:: Task goal ::
Beginning with the line below that contains "Ein Bett oder" and ending with the line that contains "港墘里魏景城里長跟內湖區健康服務中心一起合辦了健檢活動", copy every line exactly. Copy nothing else.

:: Data for the task ::
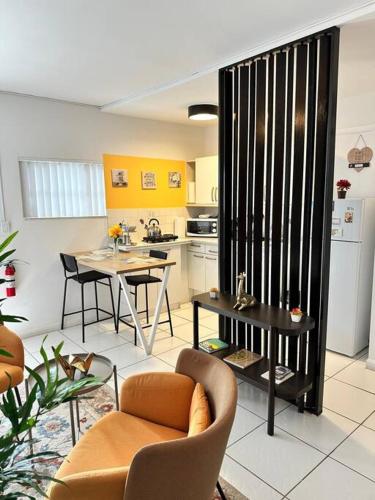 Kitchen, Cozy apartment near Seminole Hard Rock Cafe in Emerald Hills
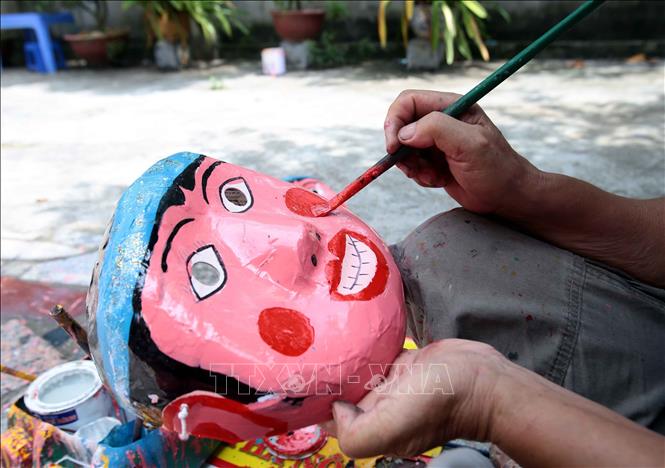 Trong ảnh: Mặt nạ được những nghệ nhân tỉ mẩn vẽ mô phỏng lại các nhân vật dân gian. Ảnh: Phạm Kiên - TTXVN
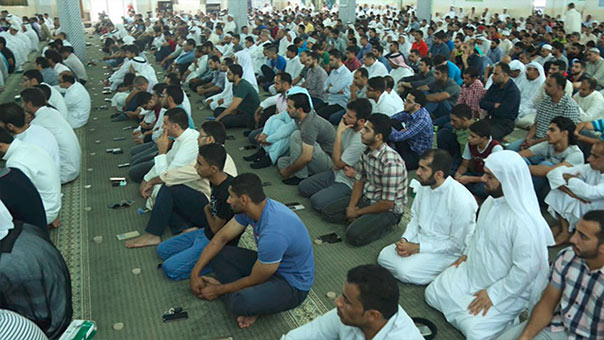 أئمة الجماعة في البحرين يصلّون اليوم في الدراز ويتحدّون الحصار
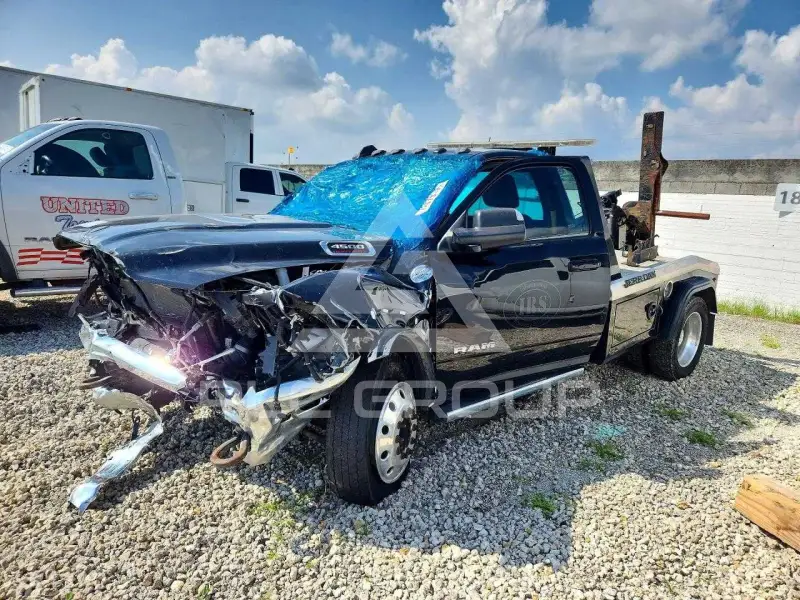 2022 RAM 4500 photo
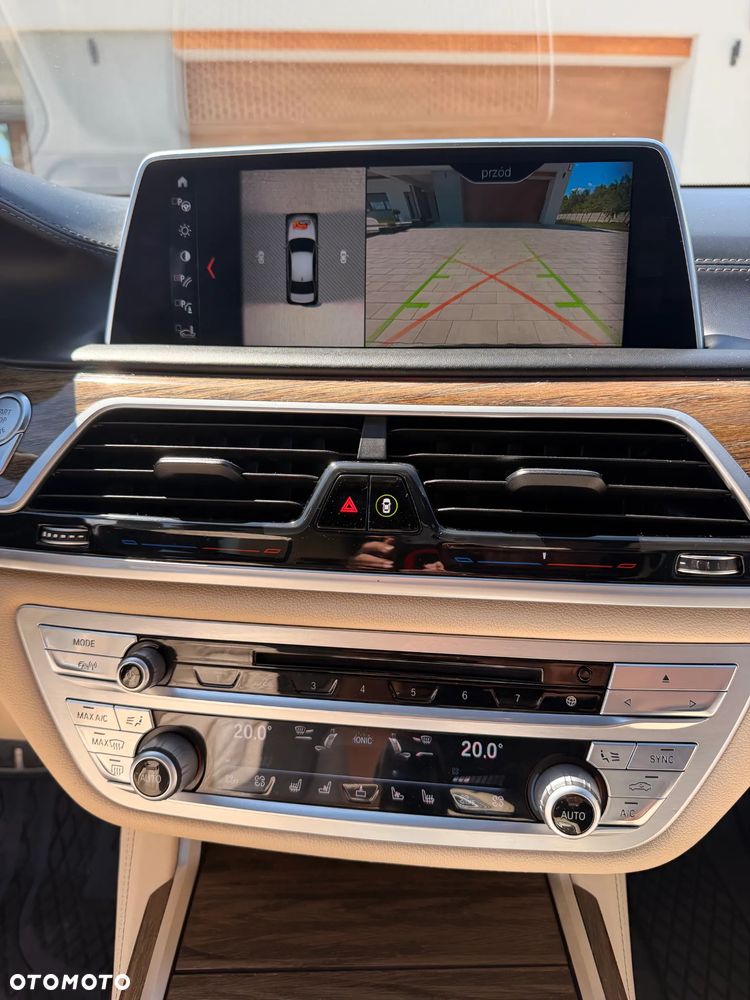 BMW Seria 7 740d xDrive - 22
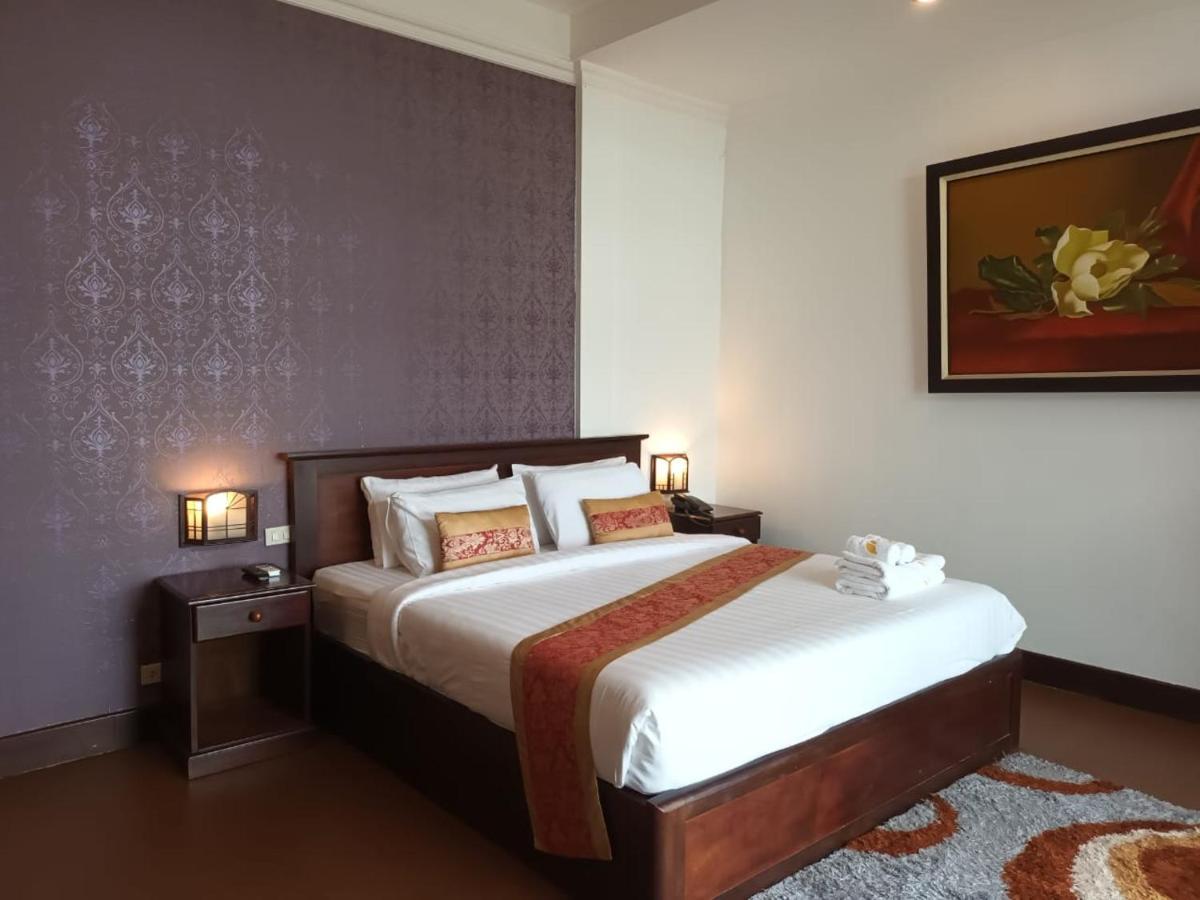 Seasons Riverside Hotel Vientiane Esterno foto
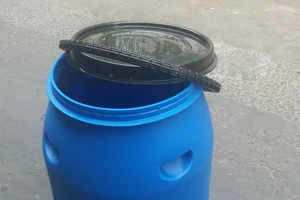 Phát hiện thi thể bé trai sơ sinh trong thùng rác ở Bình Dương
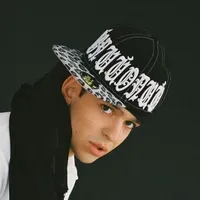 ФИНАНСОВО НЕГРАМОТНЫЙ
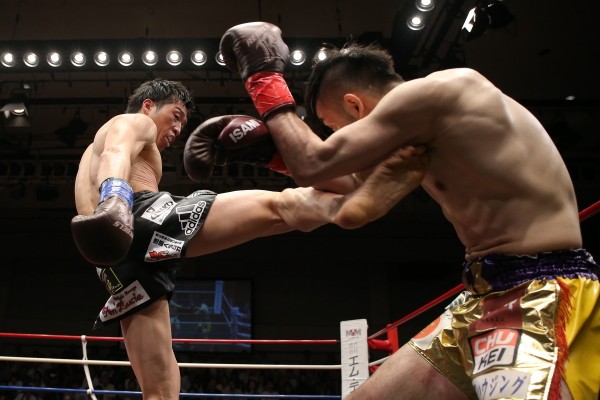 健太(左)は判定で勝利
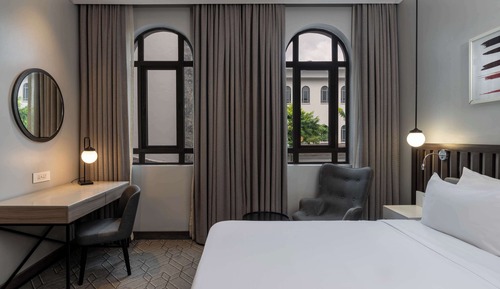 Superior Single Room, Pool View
---
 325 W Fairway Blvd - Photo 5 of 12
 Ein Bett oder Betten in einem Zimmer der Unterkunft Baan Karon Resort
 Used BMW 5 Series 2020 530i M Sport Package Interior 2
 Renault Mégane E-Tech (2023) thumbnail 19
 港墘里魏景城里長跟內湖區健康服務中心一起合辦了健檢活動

:: Output ::
 Ein Bett oder Betten in einem Zimmer der Unterkunft Baan Karon Resort
 Used BMW 5 Series 2020 530i M Sport Package Interior 2
 Renault Mégane E-Tech (2023) thumbnail 19
 港墘里魏景城里長跟內湖區健康服務中心一起合辦了健檢活動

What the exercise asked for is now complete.